In his most audacious attack yet on a revered public figure, Donald J. Trump veered into risky political territory on Thursday as he denounced Pope Francis, seeking to galvanize Republicans who worry about border security and appeal to evangelical voters who regard Francis as too liberal.

After the pontiff’s remarkable contention that Mr. Trump “is not Christian” in proposing deportations and a wall with Mexico, the candidate said Francis’ criticisms were “disgraceful” and “unbelievable,” and he contended that the Mexican government had hoodwinked the pope into criticizing him.

Politicians rarely rebuke the Vatican so forcefully for fear of alienating Catholic voters, but Mr. Trump has been increasingly aggressive ahead of Saturday’s primary in South Carolina, where polls show a tightening race and the popular Republican governor, Nikki R. Haley, just endorsed Senator Marco Rubio of Florida.

Mr. Trump’s attack on Francis reflected a political calculation that criticizing the pope would not hurt him with conservatives and might even improve his standing in South Carolina and in the Southern-dominated Super Tuesday contests on March 1. Some evangelical denominations in the South and elsewhere take a dim view of the Catholic Church, and many other social conservatives have been critical of Francis over his relatively measured statements about gays, birth control and divorce.

Attacking the pope could energize conservatives who think that Mr. Trump will go to greater lengths to halt illegal immigration than establishment politicians and power brokers like the Holy See, according to political strategists in both parties.

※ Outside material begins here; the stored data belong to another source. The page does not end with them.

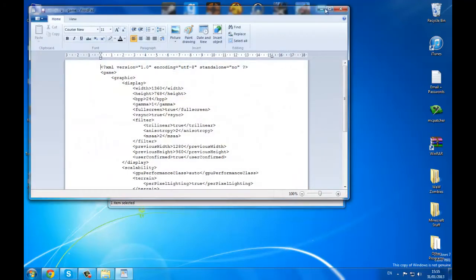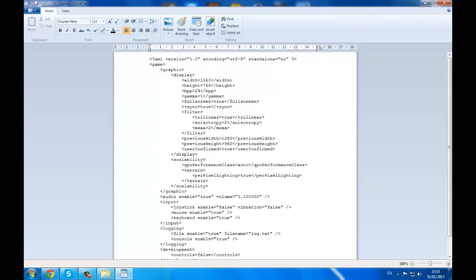That'll open this up. You want to find the 'fullscreen' setting — that gives it the option as full screen — and you want to put that instead of true, you want it to be false, like that.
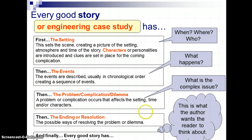In many ways, that ending — the resolution — its connection to the dilemma is what the author or the writer wants us to think about, and we as readers or engineers need to consider.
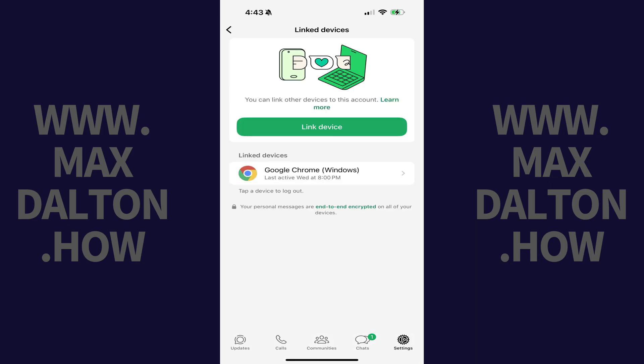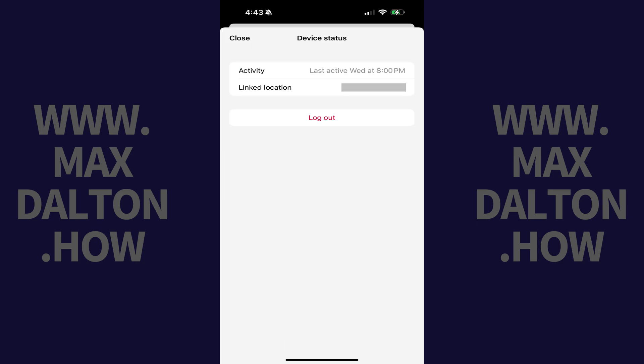The next screen shows you devices that are linked to your WhatsApp account. Step 4: Tap the device you want to unlink from your WhatsApp account. The device status screen for that device is displayed.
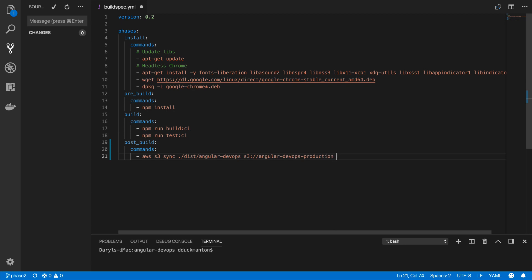There are a couple of other things we need to get this working. When we manually copied files into the bucket we set them as public read-only so people could view it on the internet. If we ran the command right now, the files would be copied but they wouldn't have public read access. To fix that we use an access control list: `--acl public-read`. That will ensure all uploaded files have public read access.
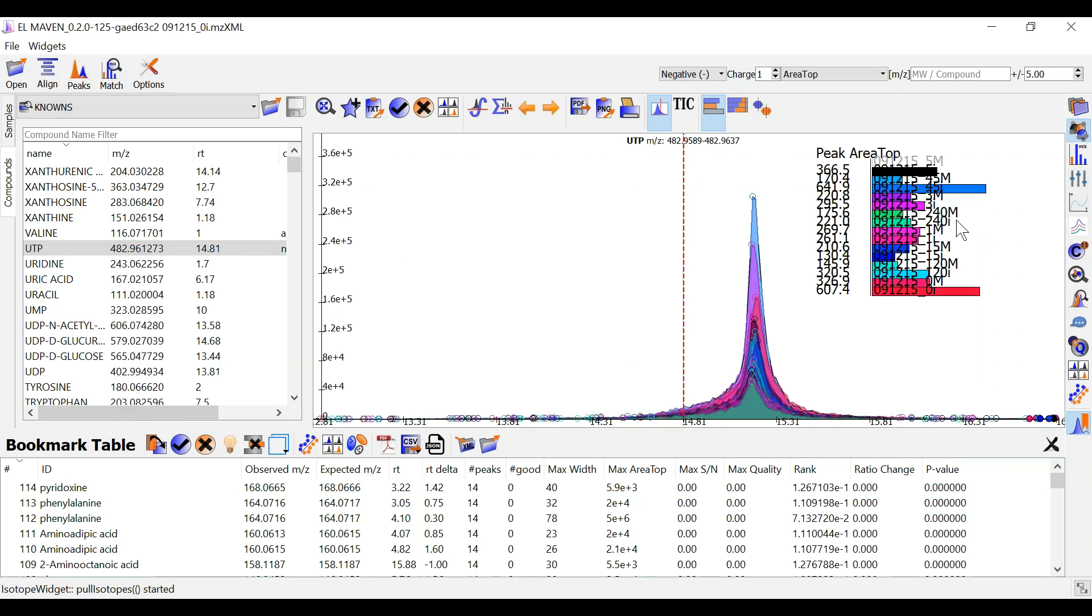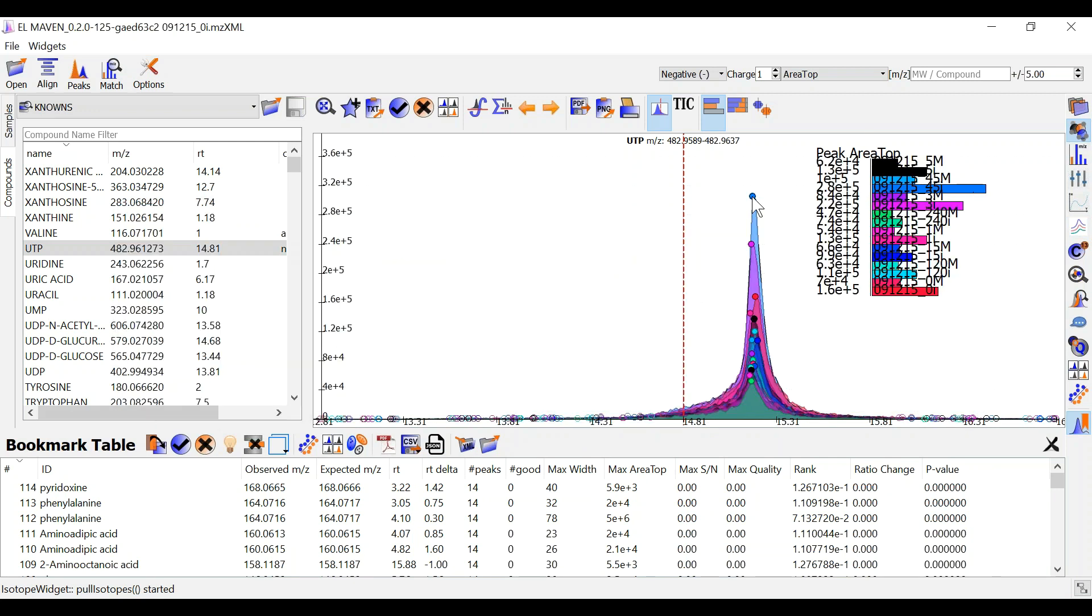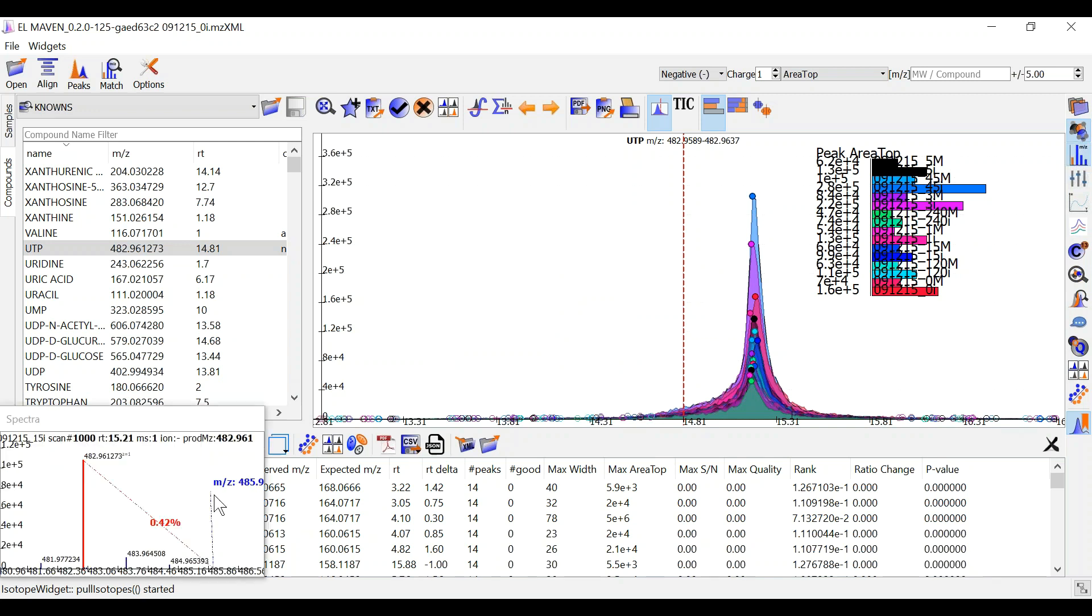You can also see the mass spectra of each of the groups by clicking on show spectra widget over here. The spectra displays each peak its mass and its intensity for a particular scan.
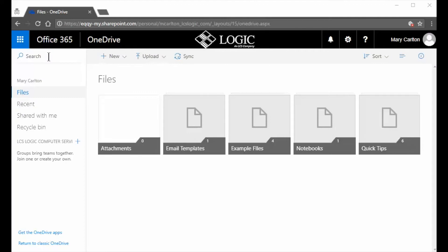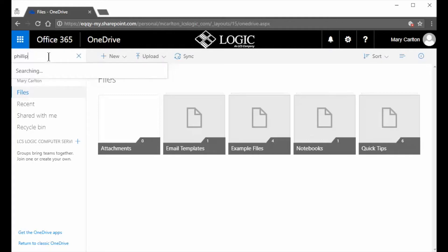I'm in my OneDrive account on the web and from here I want to search for a file. Now what I'm going to do is I'm actually going to search for a client's name. So what I'm going to type in is the client's name.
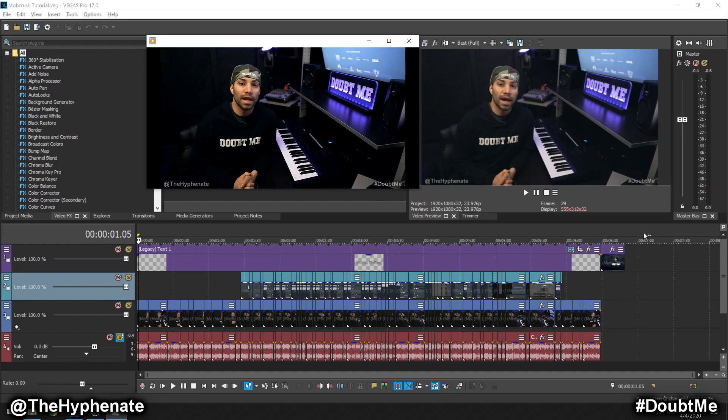Hey, what's up everybody, it's the Hyphen here, and today I'm going to show you guys how to fix a pretty annoying issue in Vegas Pro. The problem is that videos rendered out are actually a lot darker and have a lot more contrast than the video preview.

Still, the spectacle of the flamboyant billionaire businessman facing down the global leader of 1.2 billion Catholics was the presidential campaign’s most revealing example of Mr. Trump’s emotional instinct to make punching bags of those who cross him, whether it is Senator Ted Cruz of Texas, the leaders of longtime allies like Mexico, or the bishop of Rome.

In recent weeks, Mr. Trump has praised President Vladimir V. Putin of Russia and Saddam Hussein of Iraq while denouncing Democrats, Republicans and now Pope Francis with his provocative language, reinforcing fears in both parties that a President Trump would destabilize the United States.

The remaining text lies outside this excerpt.